We see this play out all around us in higher education institutions, where our colleagues face the expansion of terrorism’s definition to encompass ideological dissent and fracture the bedrock of academic freedom. The language in Presidential Memorandum-7 directs federal agencies to counter “domestic terrorism” and “organized political violence” by including “networks, ideology, funding, and support structures.” This lowers the threshold for treating political movements as security threats. For academics and students, this shift has material consequences we have already witnessed, it enables the surveillance and criminalization of ethnic studies, DEI initiatives, and student groups such as Students for Justice in Palestine.
Now more than ever it’s critical that we don’t compartmentalize news about what the US is doing abroad and what is going on at home. And that we don’t periodize it as a 21st century phenomenon of the GWOT. The deployment of ‘terrorism’ as an excuse for violating human rights and suppressing dissent at home, and unilateralism / preemptive war as a framework for actions abroad are two, mutually reinforcing strands of the same project.

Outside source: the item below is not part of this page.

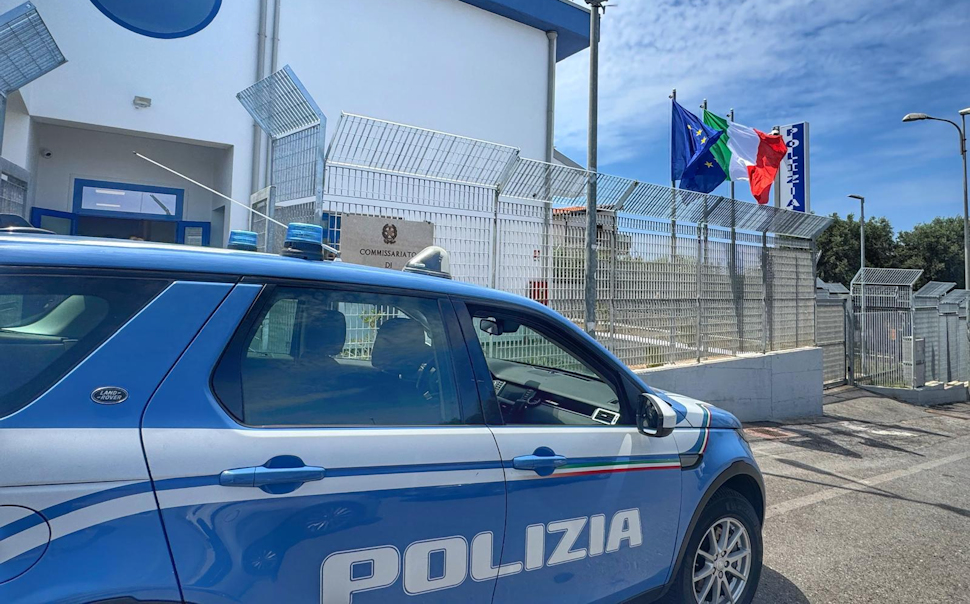 Contrasto allo spaccio sulla costa tirrenica cosentina: nuovo arresto a Scalea, sequestrati droga e 11.000 euro 119 Polizia Tirreno Cosentino diamante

We need to be aware that the use of “terrorist” labels to target and discredit people on American soil – including Renee Nicole Good, Alex Pretti, and so many others – is not the apex of a dystopic moment. It’s a fast and loose laboratory for developing new systems of repression at home, and resource extraction abroad.
Always a Path Forward
Despite all this, our hemispheric perspective also teaches us radical hope as we bear witness to bravery and solidarity that defies borders. At a moment when the U.S. government continues to expand the language of “terrorism” to justify violence both at the border and abroad, grassroots organizers are building powerful transnational counter-frameworks. Organizations like Unión del Barrio link local struggles against ICE to long-standing solidarities with movements across Latin America, including Cuban and Venezuelan communities. In response to Trump’s deportation machine and widespread ICE raids, Unión del Barrio has built a grassroots network of community patrols and collective defense across Southern California.

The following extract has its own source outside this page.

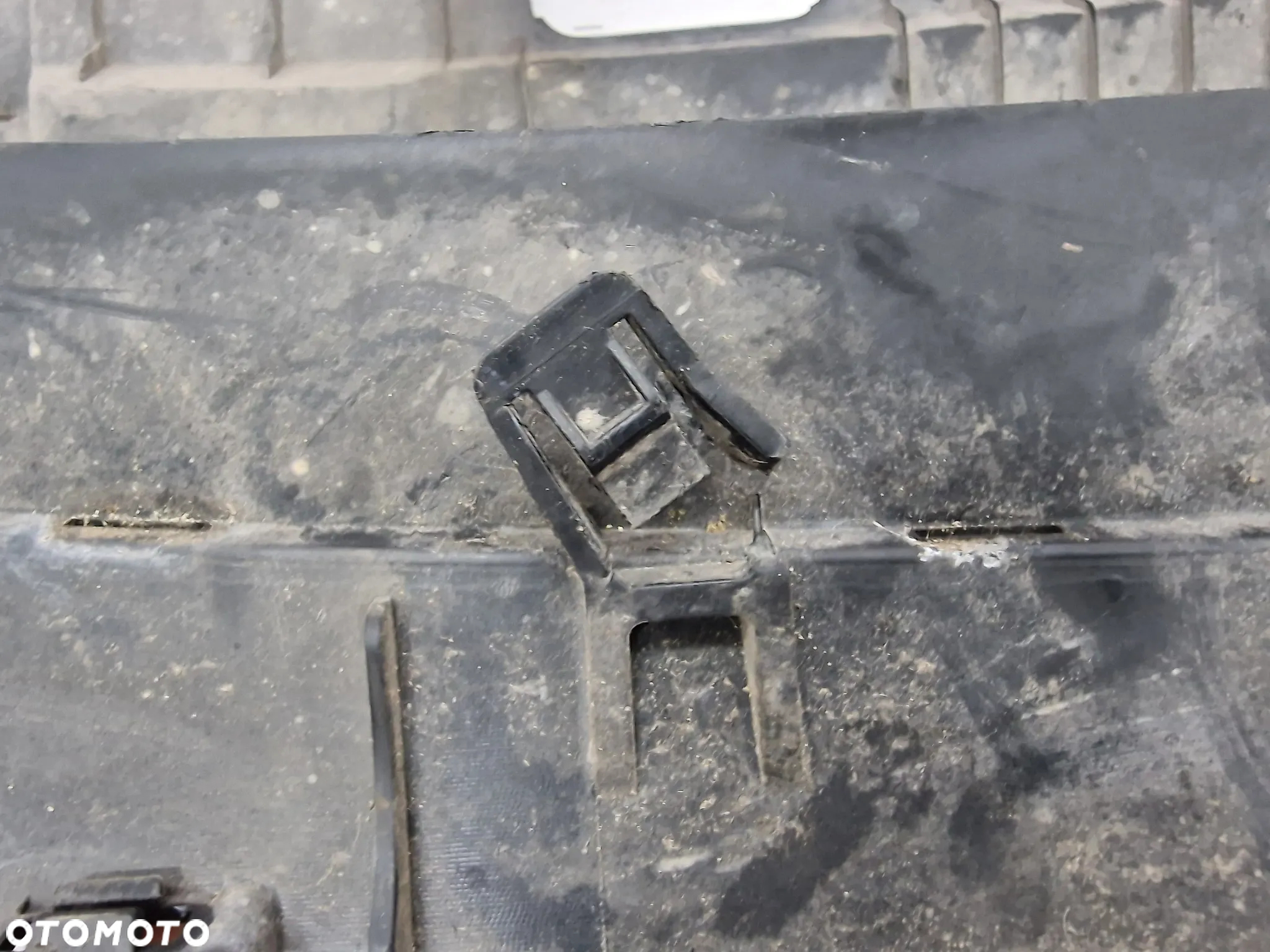 ISUZU D-MAX II 11- ATRAPA / GRILL PRZEDNI PRZÓD , NR AUKCJI GR149 - 13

On January 3rd, they were also among the first organizations to denounce U.S. aggression against Venezuela, calling emergency protests in Los Angeles, New York, and San Diego to oppose “war abroad and terrorism at home.” As much as the history of inter-American relations has been forged by the deep imbalances of power in this hemisphere, so too has it been born of the ceaseless and relentless circulation of moving people and ideas who, collectively, hold the power to forge different paths forward and imagine different futures.
Dr. Lily Balloffet is a historian of inter-American relations and global migration. She is an Associate Professor of Latin American & Latino Studies at the University of California Santa Cruz where she teaches about the history of moving people, animals, and ideas, from tropical ecology to hip hop and social movements.
Dr. Cinthya Martinez is an Assistant Professor of Latin American & Latino Studies at the University of California, Santa Cruz. Her work focuses on migrant detention, state sexual violence, and feminist abolitionist approaches to borders, incarceration, and reproductive justice.